▶ **WORK ORDER**: Shown below is a listing with pictures; reproduce exactly, and only, the lines between the ones containing "Ceramic Floral &" and "Waterproof Apron Adjustable", inclusive, leaving the pictures out.
*** SUPPLIED MATERIAL Section Begins ***
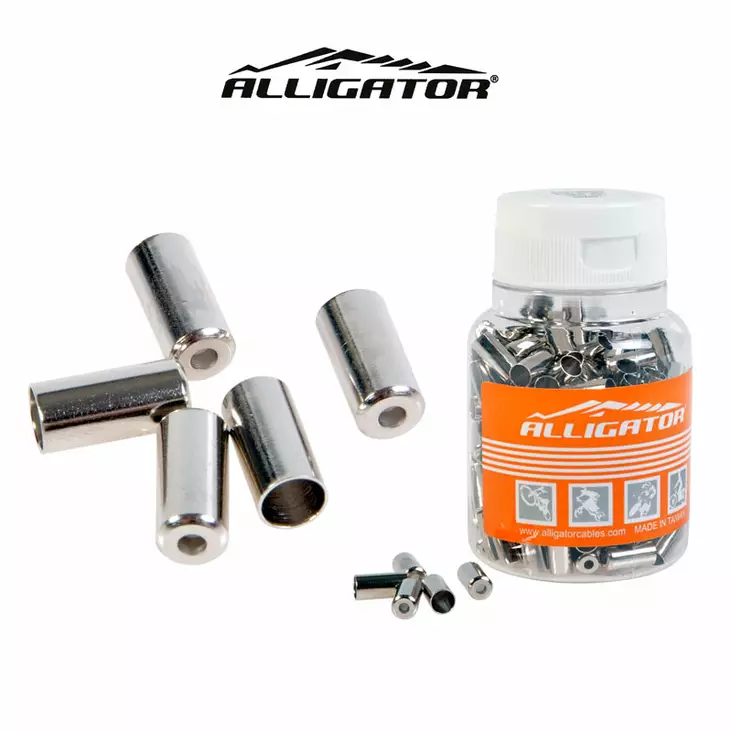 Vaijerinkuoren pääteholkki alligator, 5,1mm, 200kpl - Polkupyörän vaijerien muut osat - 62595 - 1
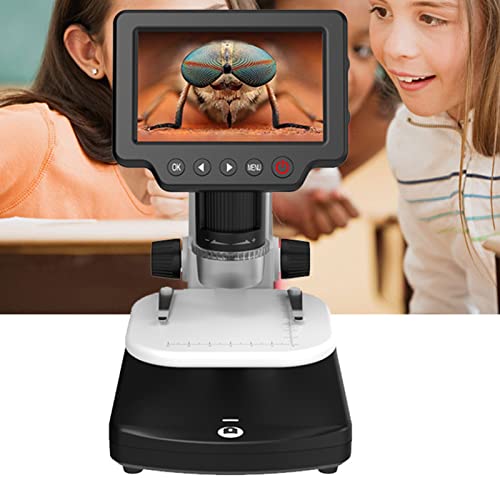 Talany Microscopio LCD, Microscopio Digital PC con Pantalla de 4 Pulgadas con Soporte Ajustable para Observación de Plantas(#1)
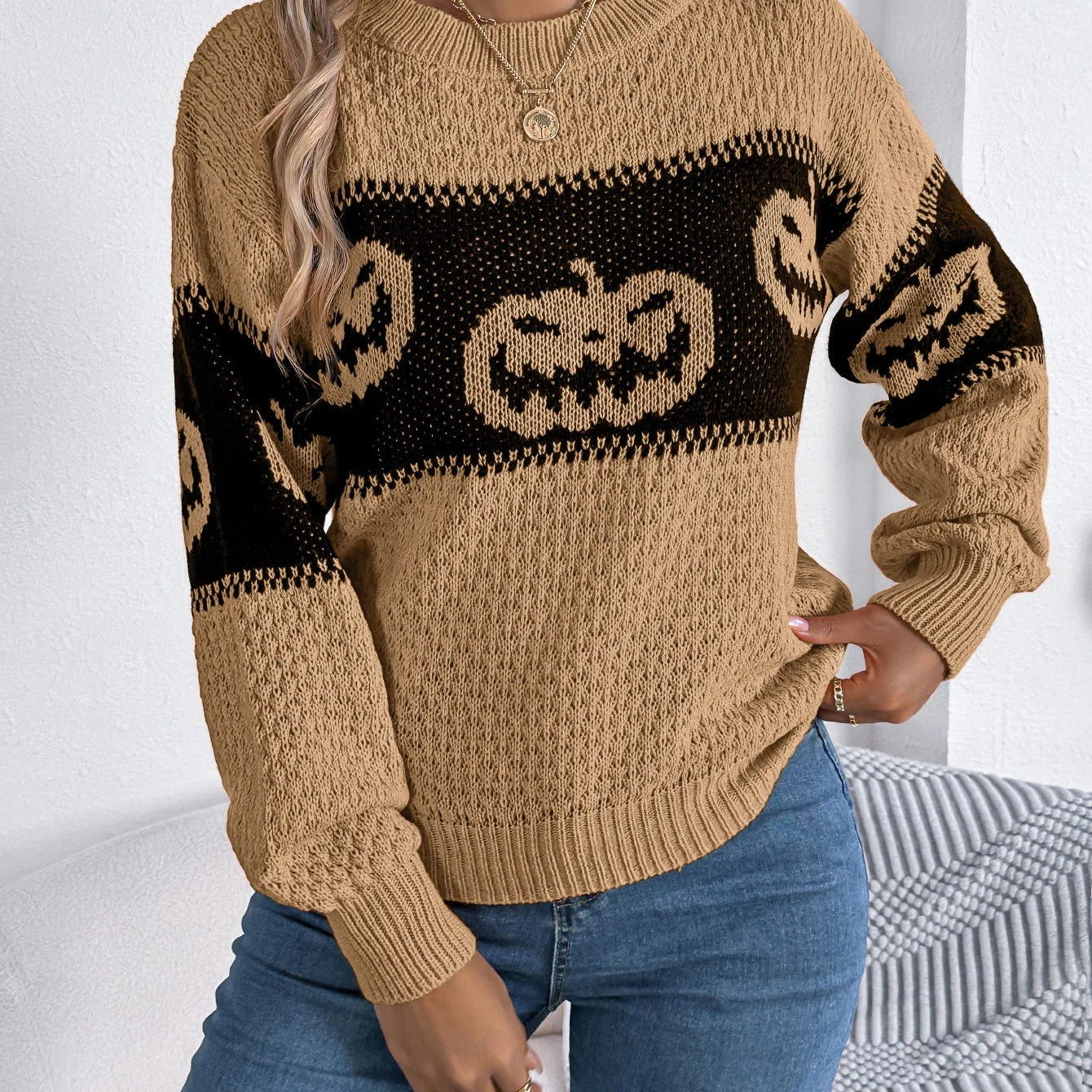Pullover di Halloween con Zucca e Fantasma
*** SUPPLIED MATERIAL Section Ends ***
*** SUPPLIED MATERIAL Section Begins ***
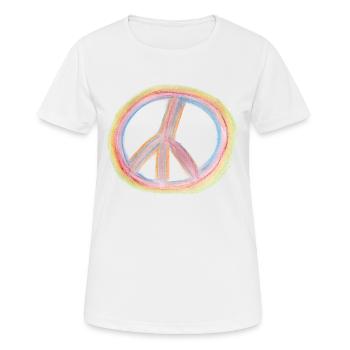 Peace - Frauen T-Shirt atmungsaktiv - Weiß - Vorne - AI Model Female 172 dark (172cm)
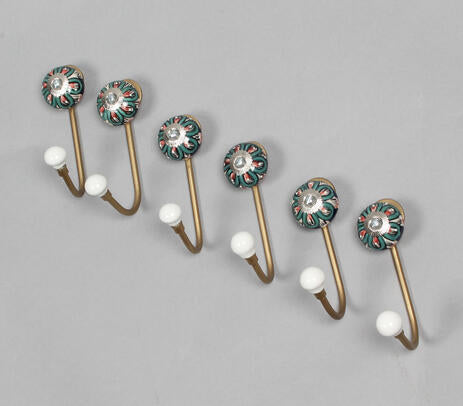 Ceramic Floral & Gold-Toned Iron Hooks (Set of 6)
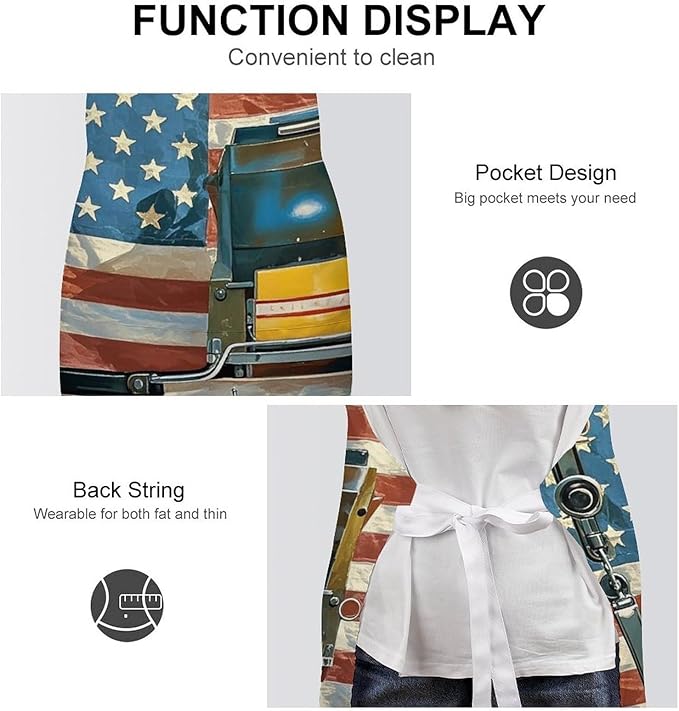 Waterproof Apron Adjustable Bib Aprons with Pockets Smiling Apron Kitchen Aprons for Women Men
*** SUPPLIED MATERIAL Section Ends ***
▶ **WRITTEN RESPONSE**:
 Ceramic Floral & Gold-Toned Iron Hooks (Set of 6)
 Waterproof Apron Adjustable Bib Aprons with Pockets Smiling Apron Kitchen Aprons for Women Men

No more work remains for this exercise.